Archbishop Martin is not a "hero". He only did what any decent human being would do in those circumstances.He may look heroic lined up  against the rest of the Bishops but well you know.....
Secondly ,He was not overlooked for a cardinal's hat in 2009 but in 2006 when Cradinal Brady was chosen. He could not have really been picked at that stage as Ireland already had two cardinals. There has been an agreement of sorts that it goes north,south ,north ,south etc.
Do we really know what Pope Benedict has in mind?
He kept them in place while the investigation was taking place but might reasonably decide that "the heads of the five families must die ". He could be thinking "let them clean up this mess" he could be thinking " we believe in forgiveness" or he could be thinking  along the lines that Winnifred outlined.
I am convinced though that the Pope ,Dolan and O'Malley will all underestimate how bad the situation is in Ireland. Recently ,Cardinal Brady chastised the Irish people saying that they no longer knew how to forgive 
http://www.irishtimes.com/newspaper/ireland/2010/0913/1224278758577.html

The same guy silenced two victims of Fr Brendan Smythe and then said 30 years later he was "shocked" to hear of pedophilia.
This guy should be locked up. I would sooner put a child in a room with Charlie Manson than with this creep.

Archbishop Martin ,is a man of intelligence surrounded by dolts.The good thing about this article from the reprehensible Dowd is that it will reach the eyes of Rome and Gotham City.I can picture Tim as he pores over it thinking to himself in a Brando-esque fashion "I cudda bin a contender".

Next year the Eucharistic Congress is in Dublin and the wind will most certainly blow Archbishop Martin's way but for those who go they will discover what a "tough room" is.      
Todd Flowerday
13 years 5 months ago
"He may look heroic lined up against the rest of the Bishops but well you know..."
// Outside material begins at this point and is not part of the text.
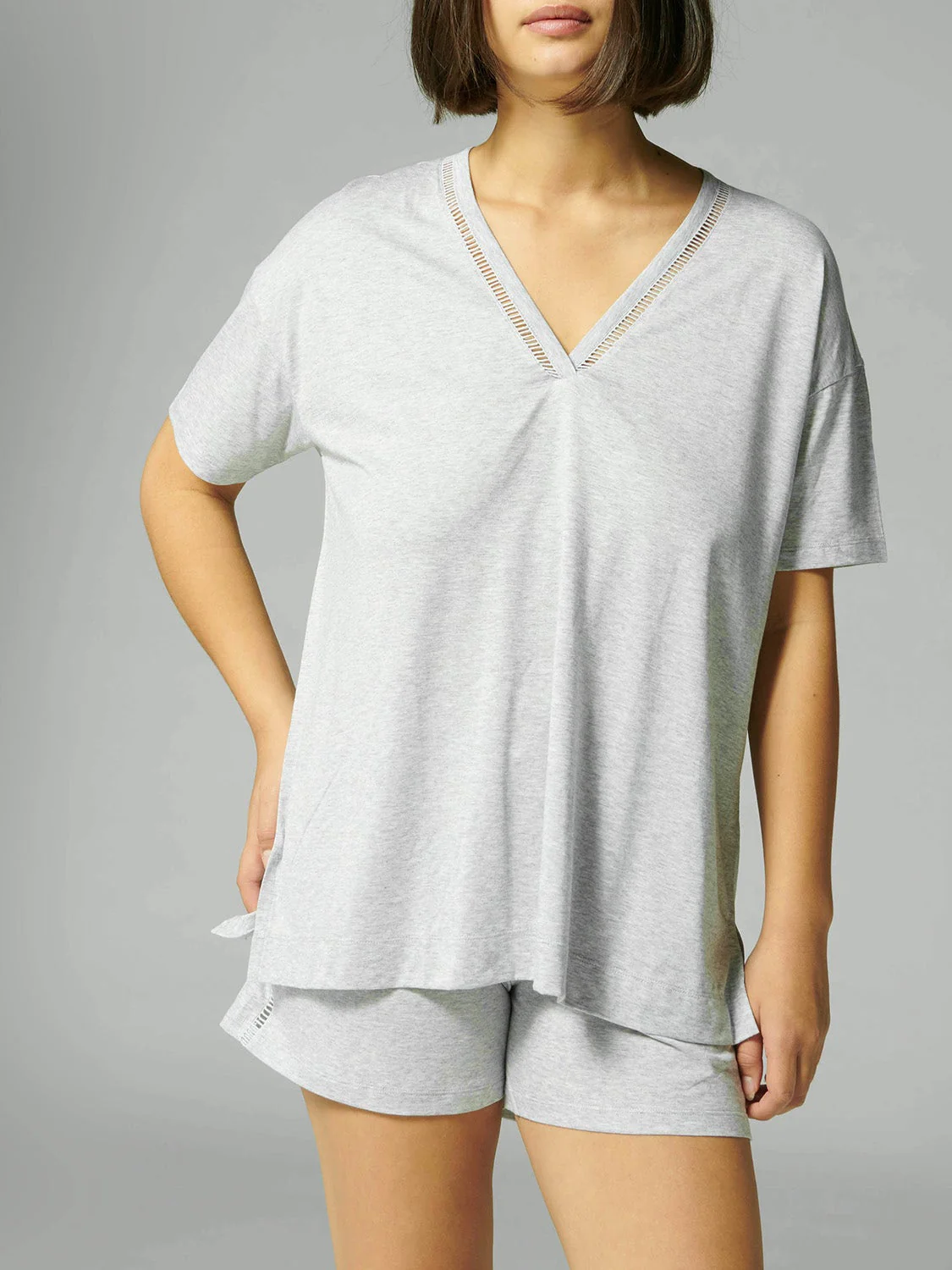 Brume Short - Mineral Grey - Image 6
I'm still grateful for him taking a stand. He stands out as a  human being in the midst of criminals.

"But it's unfortunate the Maureen Dowd ..."
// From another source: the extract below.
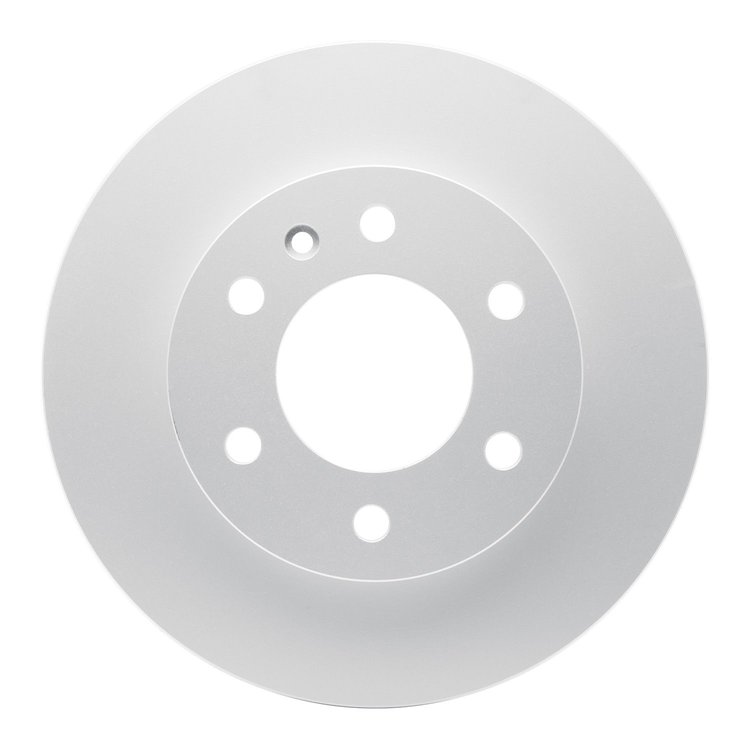 604-40043 GEOSPEC Rotor [Coated], Fits Select Multiple Makes/Models, Position: Front,Fr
Oh, how it must sting to have a liberal chastise. I must point out that when somebody doesn't bother to spell Cardinal Mahony's name right, they usually also misplace him on the Catholic Left. Take it from a liberal: Cardinal Mahony is not one of us. He's a company man, a JPII bishop, and conservative through and through. I wouldn't pay any more attention to his spat with Mother A than I would to the guy who called Bishop Finn pro-abort.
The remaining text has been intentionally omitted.